Quinoa is protein-rich, low-fat, gluten-free and makes a nutritious change from rice or pasta
- Cooking Time Prep 15 mins
Cook 15 mins - Skill Level Easy
- Servings Serves 4
Kcalories
414
Protein
15g
Carbs
42g
Fat
22g
Saturates
3g
Fibre
9g
Sugar
14g
Salt
1.03g
- 200g quinoa
- 5 tbsp olive oil
- 2 garlic cloves, finely chopped
- 3 carrots, cut into thin sticks
- 300g leeks, sliced
- 300g broccoli, cut into small florets
- 100g sundried tomatoes, drained and chopped
- 200ml vegetable stock
- 2 tsp tomato purée
- juice 1 lemon
- Cook the quinoa according to pack instructions.

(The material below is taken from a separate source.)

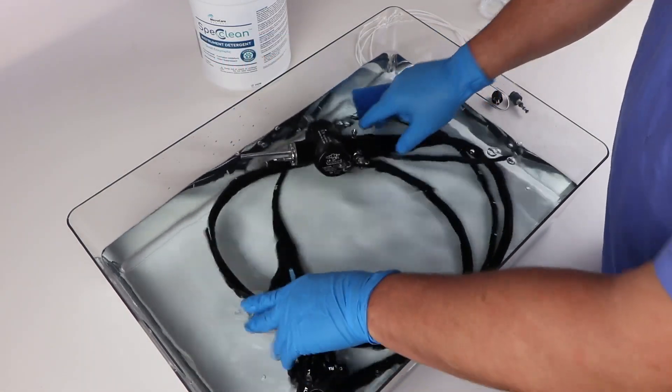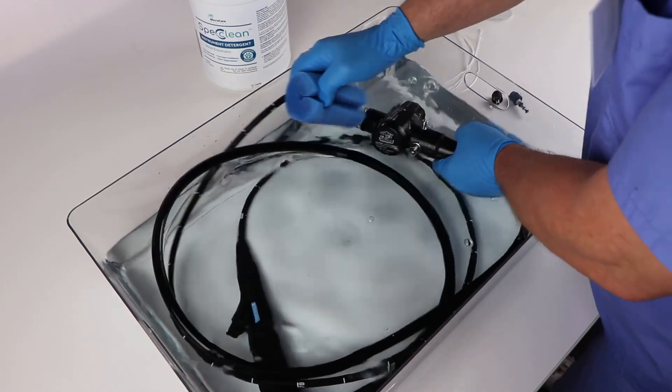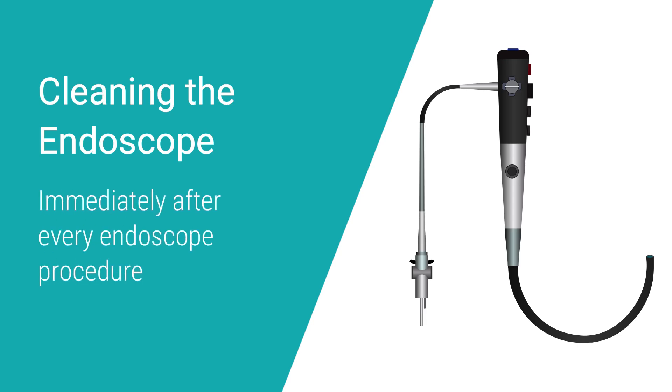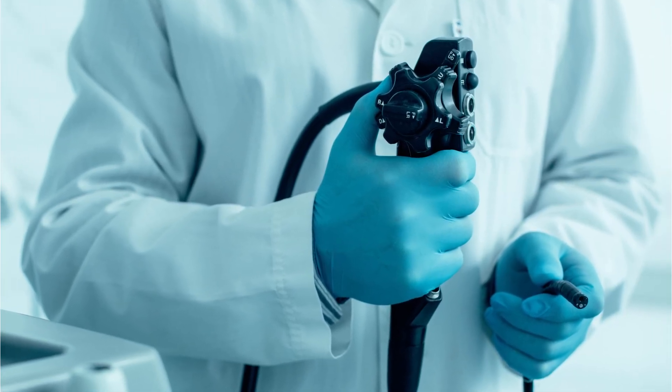Note the leak location, then depressurize the scope. Clean the outside of the endoscope and send it to the manufacturer for disassembly and repair. After a procedure, immediately clean the endoscope of gastric juices, mucus, bile, and other debris. This helps prevent dried-on soils, biofilm buildup, and potential future patient infections.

Meanwhile, heat 3 tbsp of the oil in a wok or large pan, then add the garlic and quickly fry for 1 min. Throw in the carrots, leeks and broccoli, then stir-fry for 2 mins until everything is glistening.
- Add the sundried tomatoes, mix together the stock and tomato purée, then add to the pan. Cover, then cook for 3 mins. Drain the quinoa, then toss in the remaining oil and the lemon juice. Divide between warm plates and spoon the vegetables on top.